On Mon, May 28, 2018 at 01:48:20PM +0800, Ethan Lien wrote:
> [Problem description and how we fix it]
> We should balance dirty metadata pages at the end of
> btrfs_finish_ordered_io, since a small, unmergeable random write can
> potentially produce dirty metadata which is multiple times larger than
> the data itself. For example, a small, unmergeable 4KiB write may
> produce:
> 
>     16KiB dirty leaf (and possibly 16KiB dirty node) in subvolume tree
>     16KiB dirty leaf (and possibly 16KiB dirty node) in checksum tree
>     16KiB dirty leaf (and possibly 16KiB dirty node) in extent tree
> 
> Although we do call balance dirty pages in write side, but in the
> buffered write path, most metadata are dirtied only after we reach the
> dirty background limit (which by far only counts dirty data pages) and
> wakeup the flusher thread. If there are many small, unmergeable random
> writes spread in a large btree, we'll find a burst of dirty pages
> exceeds the dirty_bytes limit after we wakeup the flusher thread - which
> is not what we expect. In our machine, it caused out-of-memory problem
> since a page cannot be dropped if it is marked dirty.
> 
> Someone may worry about we may sleep in btrfs_btree_balance_dirty_nodelay,
> but since we do btrfs_finish_ordered_io in a separate worker, it will not
> stop the flusher consuming dirty pages.
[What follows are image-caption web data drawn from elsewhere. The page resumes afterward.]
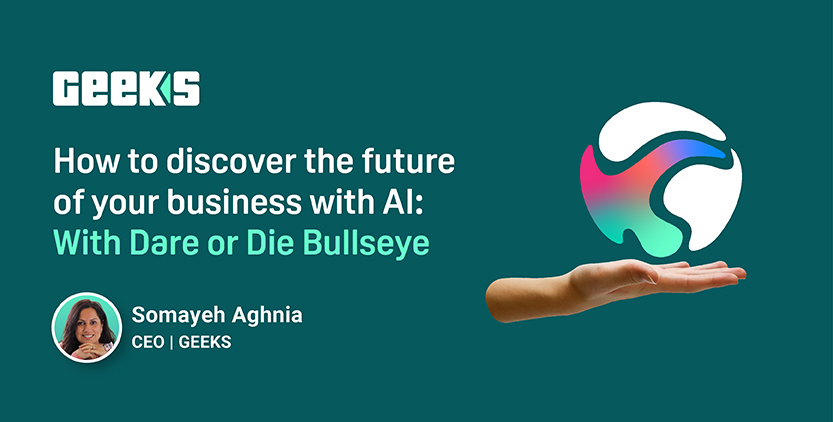 How to discover the future of your business with AI: Dare or Die Bullseye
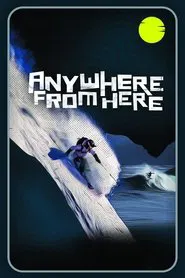 Poster do filme Anywhere From Here
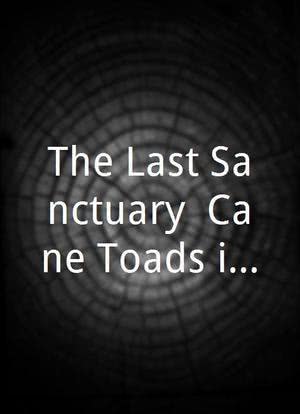 The Last Sanctuary: Cane Toads in the Kimberley海报封面图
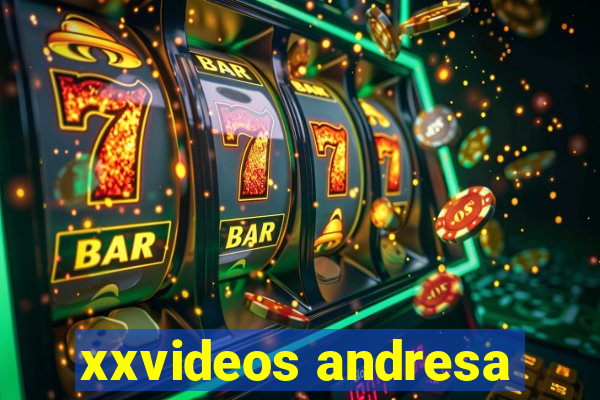 xxvideos andresa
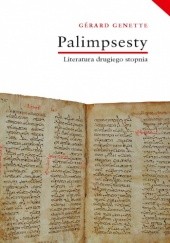 Okładka książki Palimpsesty. Literatura drugiego stopnia Gérard Genette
Also, we use different worker for
> metadata writeback endio, sleep in btrfs_finish_ordered_io help us throttle
> the size of dirty metadata pages.
> 
> [Reproduce steps]
> To reproduce the problem, we need to do 4KiB write randomly spread in a
> large btree. In our 2GiB RAM machine:
> 1) Create 4 subvolumes.
> 2) Run fio on each subvolume:
> 
>    [global]
>    direct=0
>    rw=randwrite
>    ioengine=libaio
>    bs=4k
>    iodepth=16
>    numjobs=1
>    group_reporting
>    size=128G
>    runtime=1800
>    norandommap
>    time_based
>    randrepeat=0
> 
> 3) Take snapshot on each subvolume and repeat fio on existing files.
> 4) Repeat step (3) until we get large btrees.
>    In our case, by observing btrfs_root_item->bytes_used, we have 2GiB of
>    metadata in each subvolume tree and 12GiB of metadata in extent tree.
> 5) Stop all fio, take snapshot again, and wait until all delayed work is
>    completed.
> 6) Start all fio. Few seconds later we hit OOM when the flusher starts
>    to work.
> 
> It can be reproduced even when using nocow write.
> 
> Signed-off-by: Ethan Lien <ethanlien@synology.com>

Added to misc-next, thanks.